A reed shaken by the wind? But what did you go out to see? A man clothed in soft garments? Indeed, those who wear soft clothing are in kings' houses. But what did you go out to see? A prophet? Yes, I say to you, and more than a prophet. (Mt 11:7-9) |
God's Forerunner was no sensitive plant, but rather a mighty man. This was no pusillanimous man whose hopes rose and fell at the next whim of his imperious wife's moods. Had the Baptist encountered Eve in her act of betrayal, her "adultery" we might say, we do not have to ask what he would do .... which he would choose.
Yes, John the Forerunner was a most fitting herald of the Second Adam. Just as he was first to cry, "Metanoeite," calling the people to purity, so he also was a new Adam who announced the New Adam completing our first father's course, and perfecting obedience appropriate to Eden.
This morning we have permitted our souls to drift in contemplation reflecting on an imagined icon. But this icon is no less real for that. All of these elements stand out brightly in their truth. All of its associations are sure and right. And they all participate in the close of an age.
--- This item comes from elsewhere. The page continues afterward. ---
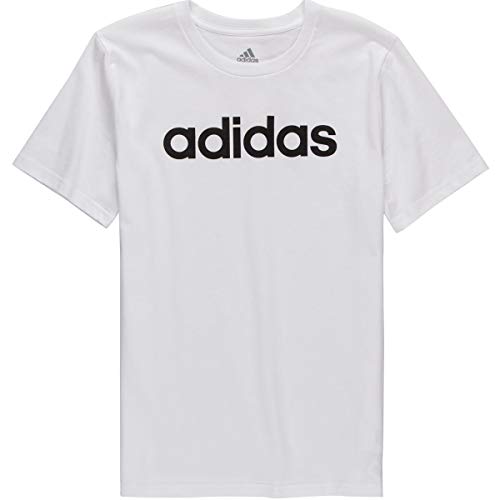 adidas Boys' Big Short Sleeve Cotton Script T-Shirt, Linear Logo White, Small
They all look back to a Hebrew history that is about to come to a most glorious culmination: King David, chaste Judith, King Nebuchadnezzar, and the mother of mankind. All look forward to the son of God, the Advent of God and to the Forerunner who both embodies them all even while pointing his finger forward as a figure straight out of Isaiah:
"The voice of one crying in the wilderness:
'Prepare ye the way of the Lord; Make His paths straight.'" (Mt 3:3) |
In the Name of the Father and of the Son and of the Holy Ghost. Amen.